Preferred species for ongoing monitoring

Values of δ¹⁵N in all species showed similar spatial patterns around Port Phillip Bay, suggesting that all are satisfactory for monitoring sources of N with distinctive δ¹⁵N values. But the absence of intertidal reef habitat adjacent to the WTP limited the usefulness of species dependent on this habitat, especially Capreolia and Hormosira. Both Galeolaria and Mytilus can also establish on small coastal man-made structures. The absence of Hormosira on the intertidal reef at Point Cook is consistent with its low tolerance of high DIN (Parry 2021), which suggests that it is the least suitable species for monitoring δ¹⁵N of WTP-sourced N.

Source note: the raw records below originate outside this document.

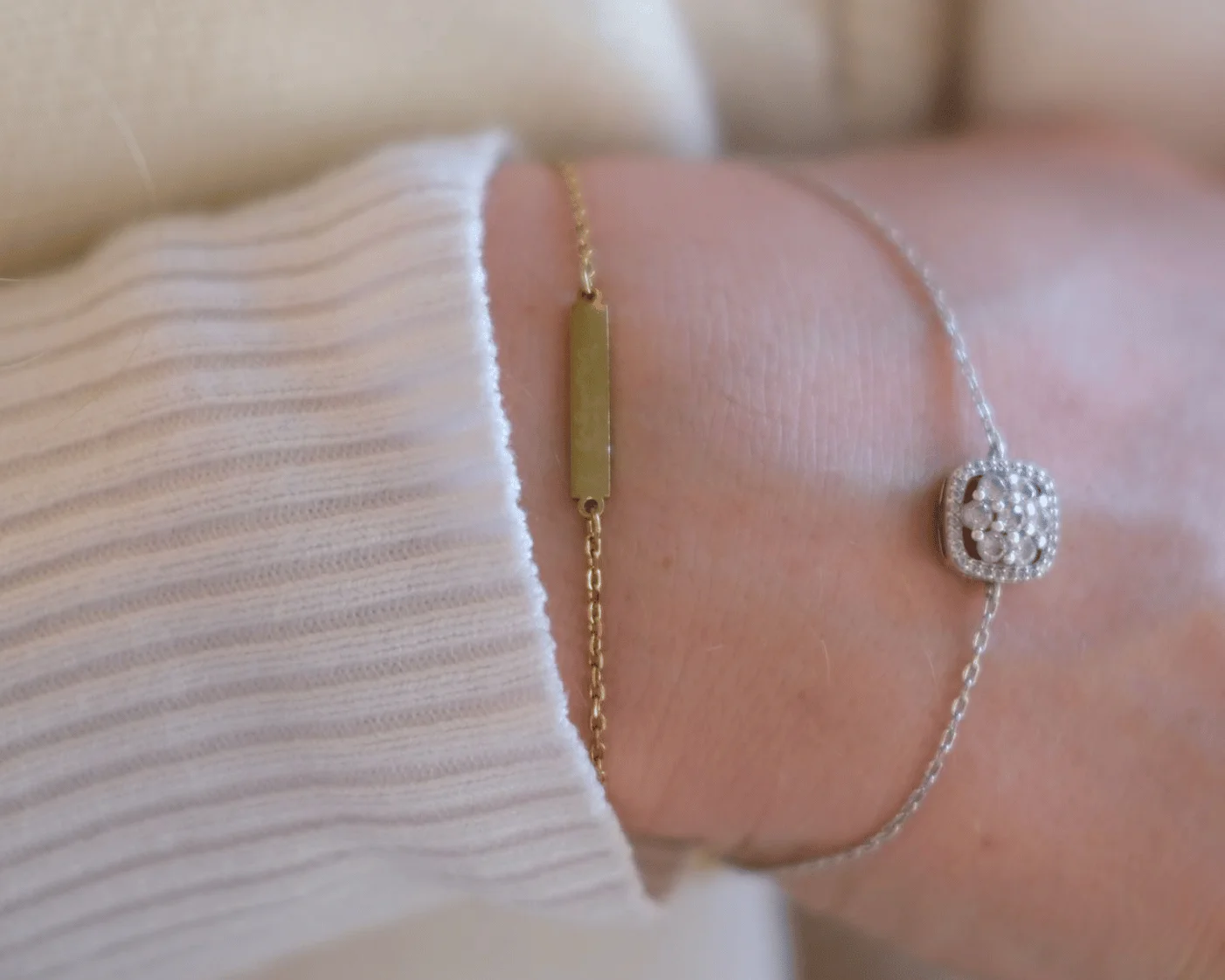 wearing mixed metals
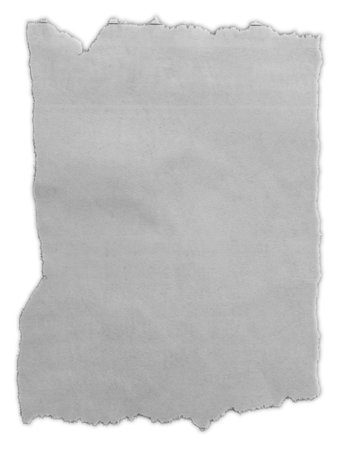 One piece of ripped paper on whiteの写真素材
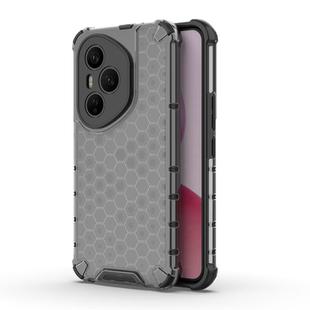For Honor 400 Pro Global 160.8mm Honeycomb Shockproof Phone Case(Black)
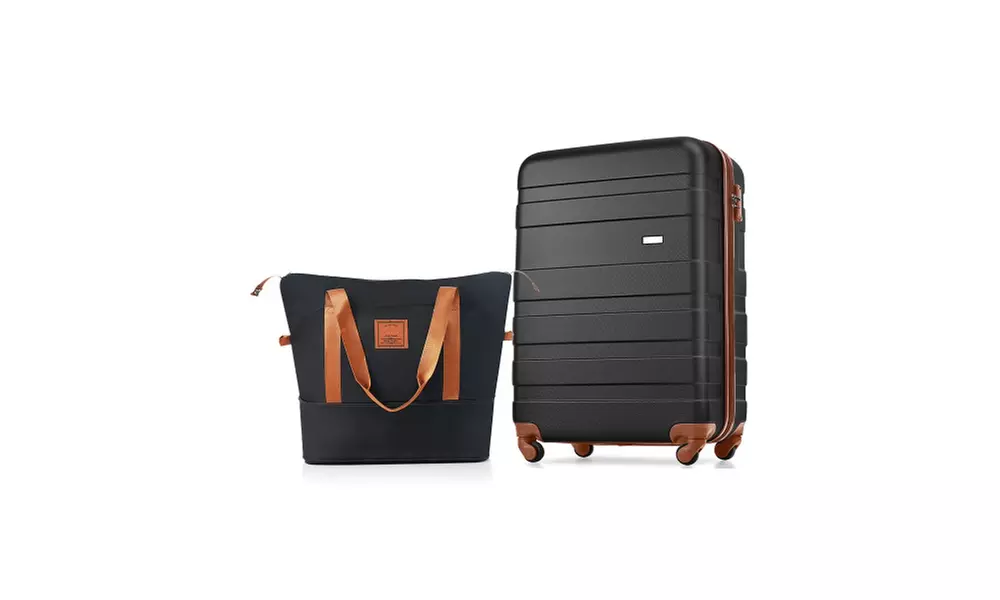 20-Inch Carry-On Luggage with Expandable Travel Bag Set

The suitability of different species depends on the time scale of the questions being posed, and the costs of sampling and analysis. Species and tissues with high turnover rates (e.g. algal tissues) are more responsive to short-term changes in the discharge of ¹⁵N, whereas slower-growing taxa (e.g. Galeolaria and Mytilus) and tissues with longer turnover rates (e.g. muscle, Lorrain et al. 2002) are better suited to providing a time-integrated measure of the area of influence of discharged ¹⁵N (Gartner et al. 2002; Fertig et al. 2009; Raimonet et al. 2013). The costs of collection and analysis are also important. Collection costs are lower for intertidal species than for those deployed on moorings. But the mean time taken to dissect and grind samples was generally greater for intertidal species (Capreolia 20–25 min, Hormosira 5 min, Galeolaria 35 min) than for those deployed on moorings (Botryocladia 5 min, Mytilus 14 min). Species attached to offshore moorings provide the only means of measuring δ¹⁵N in non-coastal regions and are also better suited to monitoring long-term trends from sources with a large footprint such as the WTP, because, unlike intertidal species, they are not affected by small local inputs.

Of the five species considered in this study, Mytilus appears the best species for monitoring long-term change in ¹⁵N, and for ground-truthing nutrient models. The current study deployed large mussels, but these are not ideal for detecting temporal trends or for ground-truthing models because δ¹⁵N measured at the end of their deployment is affected by their initial δ¹⁵N. Correcting for the influence of the latter requires a complex model of Mytilus growth. However, if small fast-growing Mytilus were deployed, essentially all the ¹⁵N in the Mytilus then results from new growth during the deployment period, so no correction for the starting ¹⁵N signal is required. Post-larval shrimp, which had a four-fold increase in weight, showed essentially constant isotopic values, reflecting their new diets (Fry and Arnold 1982). Similarly, Trueman et al. (2005) found that following a diet switch in Atlantic salmon, the δ¹⁵N of muscle and liver reached equilibrium with their new diet after a three-fold increase in body mass, equivalent to 8 months of growth under laboratory conditions. Commercial hatcheries in Port Phillip Bay currently produce 1 mm length mussels suitable for deployment, and when deployed on mussel farms they grow to ~5–10 mm over 2 months, when their δ¹⁵N should just reflect their exposure to ¹⁵N over the period of their deployment.